Kemudian, kakek tujuh cucu itu, mencari bongkahan-bongkahan aspal bekas atau batu krikil di daerah Pasar Atom dan di Jalan Tambak Adi. Dengan berbekal hamer atau palu berukuran sedang, dia memecah bongkahan aspal yang sudah tidak terpakai.
Bongkahan-bongkahan aspal bekas perbaikan parit atau selokan itu, lalu diangkutnya menggunakan becak reot miliknya. Sekali angkut, becaknya mampu menampung 3 kuintal aspal bekas. Lalu digunakan menambal jalan yang berlubang. Untuk meratakannya, Pak Dul menempanya dengan palu miliknya.
“Sudah 10 tahunan saya nambal jalan berlobang. Kasihan kalau lubangnya tidak ditambal, banyak orang jatuh kalau melintas. Apalagi lobangnya dalam-dalam dan tidak segera diperbaiki pemerintah,” katanya dengan Bahas Jawa, kromo inggil.
Saat ini, beberapa ruas jalan di Kota Pahlawan yang sudah ditambalnya dari bongkahan aspal atau batu krikil, di antaranya Jalan Gembong, Tambak Rejo, Semut, Bunguran dan beberapa ruas jalan lainnya.
“Niat saya ibadah, tidak mengharap apa-apa, saya Lillahita’ala. Saya akan tetap melakukannya sampai kapan-pun selama masih ada jalan yang berlobang dan membahayakan orang. Pagi sampai jam 10 malam (pukul 22.00 WIB) saya cari makan (nafkah), setelah itu cari gragal (batu krikil) untuk nutup jalan yang lobang. Jam 2 (pukul 02.00) saya pulang,” akunya.

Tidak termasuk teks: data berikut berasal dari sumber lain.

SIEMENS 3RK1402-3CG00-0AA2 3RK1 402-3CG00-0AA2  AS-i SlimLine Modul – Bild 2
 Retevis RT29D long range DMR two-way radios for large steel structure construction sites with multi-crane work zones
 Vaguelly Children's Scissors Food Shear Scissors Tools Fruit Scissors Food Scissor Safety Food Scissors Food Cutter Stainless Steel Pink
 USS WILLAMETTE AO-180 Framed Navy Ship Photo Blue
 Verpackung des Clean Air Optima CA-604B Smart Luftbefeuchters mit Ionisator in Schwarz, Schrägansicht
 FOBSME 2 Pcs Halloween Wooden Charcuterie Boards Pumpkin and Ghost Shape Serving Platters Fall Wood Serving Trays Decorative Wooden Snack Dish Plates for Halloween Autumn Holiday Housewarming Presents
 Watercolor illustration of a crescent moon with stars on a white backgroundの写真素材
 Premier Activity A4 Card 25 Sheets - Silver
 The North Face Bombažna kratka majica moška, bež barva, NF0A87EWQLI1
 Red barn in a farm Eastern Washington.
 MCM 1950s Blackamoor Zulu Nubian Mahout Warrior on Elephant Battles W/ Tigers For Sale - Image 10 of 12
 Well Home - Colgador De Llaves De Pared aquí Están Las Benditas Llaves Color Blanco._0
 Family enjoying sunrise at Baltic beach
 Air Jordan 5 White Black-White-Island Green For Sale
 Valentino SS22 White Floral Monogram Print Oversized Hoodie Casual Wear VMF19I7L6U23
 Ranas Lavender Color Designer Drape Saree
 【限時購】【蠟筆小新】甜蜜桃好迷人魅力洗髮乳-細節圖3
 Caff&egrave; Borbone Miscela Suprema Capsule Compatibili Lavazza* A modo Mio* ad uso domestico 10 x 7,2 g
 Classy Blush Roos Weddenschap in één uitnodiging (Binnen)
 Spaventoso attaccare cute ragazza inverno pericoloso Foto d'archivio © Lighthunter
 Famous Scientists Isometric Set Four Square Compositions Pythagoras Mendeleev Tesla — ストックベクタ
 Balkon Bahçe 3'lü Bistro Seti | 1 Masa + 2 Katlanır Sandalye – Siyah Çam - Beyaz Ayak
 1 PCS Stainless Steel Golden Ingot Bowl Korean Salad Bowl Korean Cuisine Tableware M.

Pak Dul yang akrab disapa Pak Wek atau Mbah Wek (pak tua) oleh rekan-rekan seprofesinya ini, juga tak jarang membantu orang lain selama dia bisa. “Saya niat ibadah, saya bisanya cuma nolong dengan tenaga saya. Diminta bantu dorong mobil mogok ya saya lakukan. Setelah itu dikasih (uang) Alhamdulillah, tidak ya Alhamdulillah. Yang penting saya tidak minta-minta,” paparnya.
Dari hasil mengayuh becak, Pak Dul pulang hanya membawa uang Rp 30 ribu, kadang kalau ramai penumpang bisa dapat Rp 40 ribu sama 50 ribu rupiah, dia tidak pernah meratapi nasibnya. “Rezeki sudah ada yang mengatur,” ucap kakek yang sudah ditinggal mati istrinya sejak 1,5 tahun lalu itu yakin.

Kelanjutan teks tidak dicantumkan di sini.